Let me try to clarify some aspects.

Thank you for your informative reply.  It looks like maybe the Eigen code is ahead of its documentation, in terms of capability.

Indeed, the documentation on sparse matrices is a bit "sparse” because it somehow assumes that the user is familiar with the dense part of Eigen. The documentation on sparse matrices thus focuses more the specificities. Nonetheless, the following page attempts to give a compact overview of the API:

http://eigen.tuxfamily.org/dox-devel/group__SparseQuickRefPage.html

and does include example for products.


If you have two index arrays and a value array, you can directly use them in an Eigen::SparseView 
Where?  It's not here:
http://eigen.tuxfamily.org/dox-devel/namespaceEigen.html

Better use the embedded search engine to find methods and classes from their name.

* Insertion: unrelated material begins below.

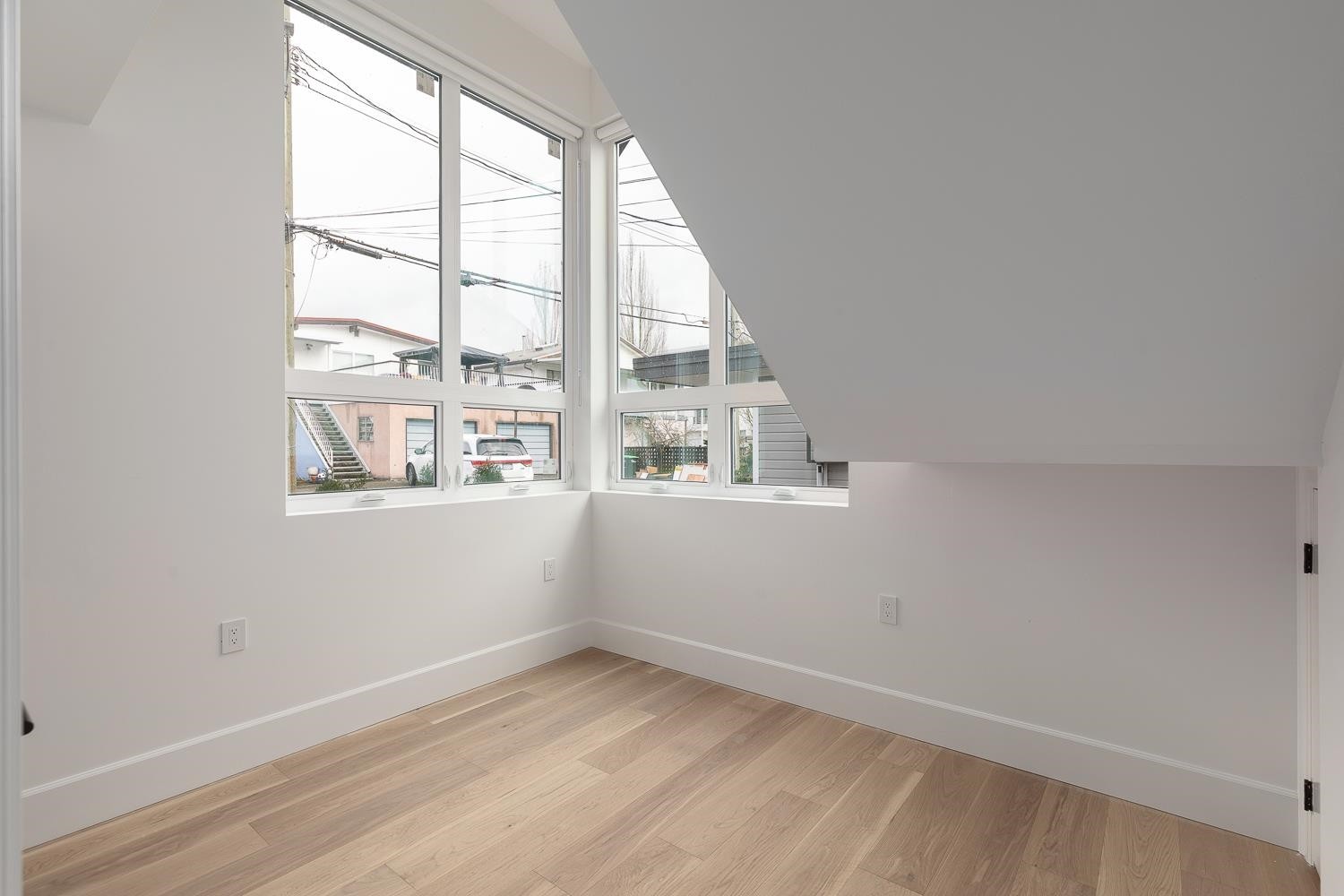 849 19Th Avenue E, Vancouver, BC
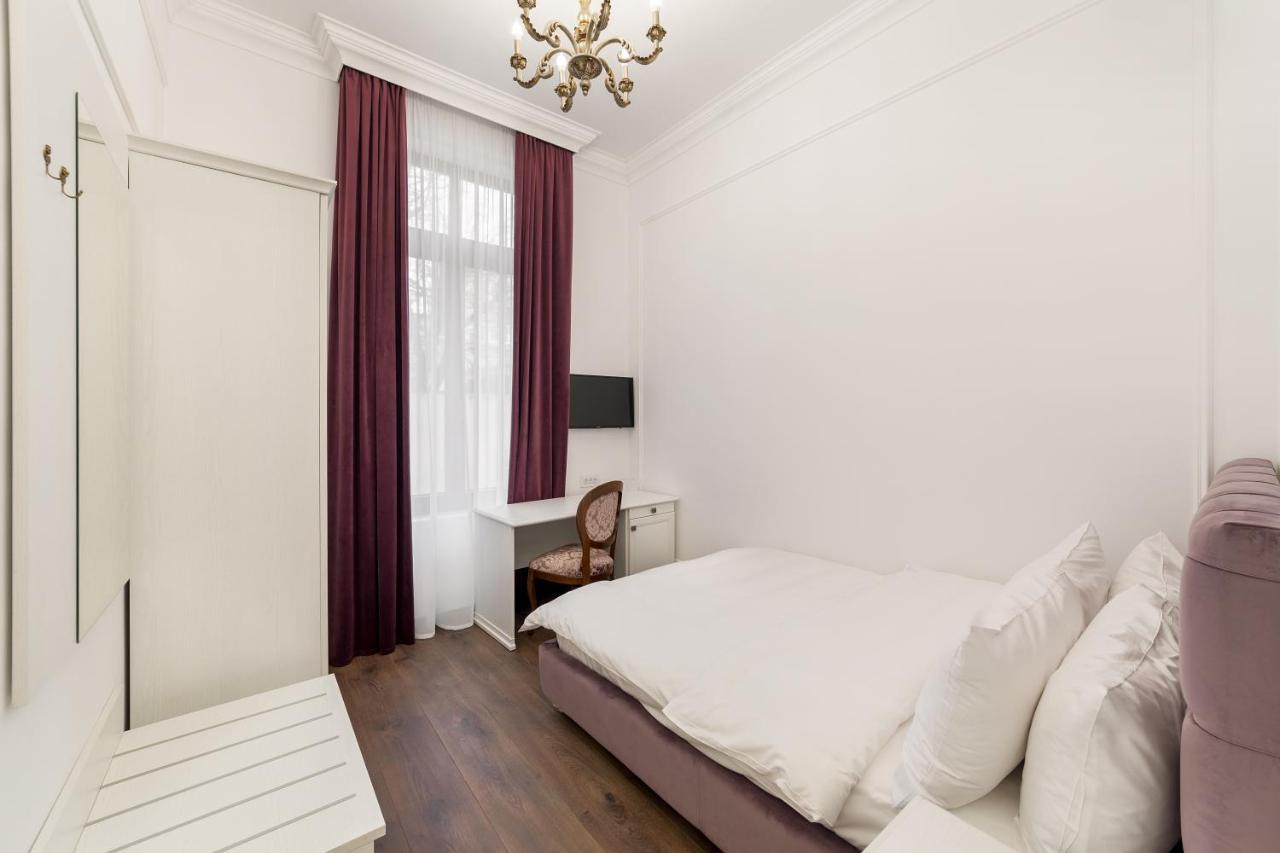 Lahovary Palace Hotel Bucharest Room photo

Anyway, actually SparseView is rather to copy a dense _expression_ to a sparse matrix by pruning zeros (or small entries).. For triplets defined through three different containers, you can glue them through a unified iterator and pass it to SparseMatrix::setFromTriplets.


> Eigen also supports, CSR, CSC and triplet format (stored as three vectors).
> A single vector of triplets can easily be converted by Eigen. Also, most algorithms
> expect CSR or CSC inputs.
 
That's really nice functionality.  But again... where is it?  The following only mentions CSR and CSC:
http://eigen.tuxfamily.org/dox-devel/group__TutorialSparse.html
Had I been able to find this information on the website in a usable way, I probably wouldn't have written SpSparse.  The general tensor stuff is nice, but it's not make-or-break for my current application.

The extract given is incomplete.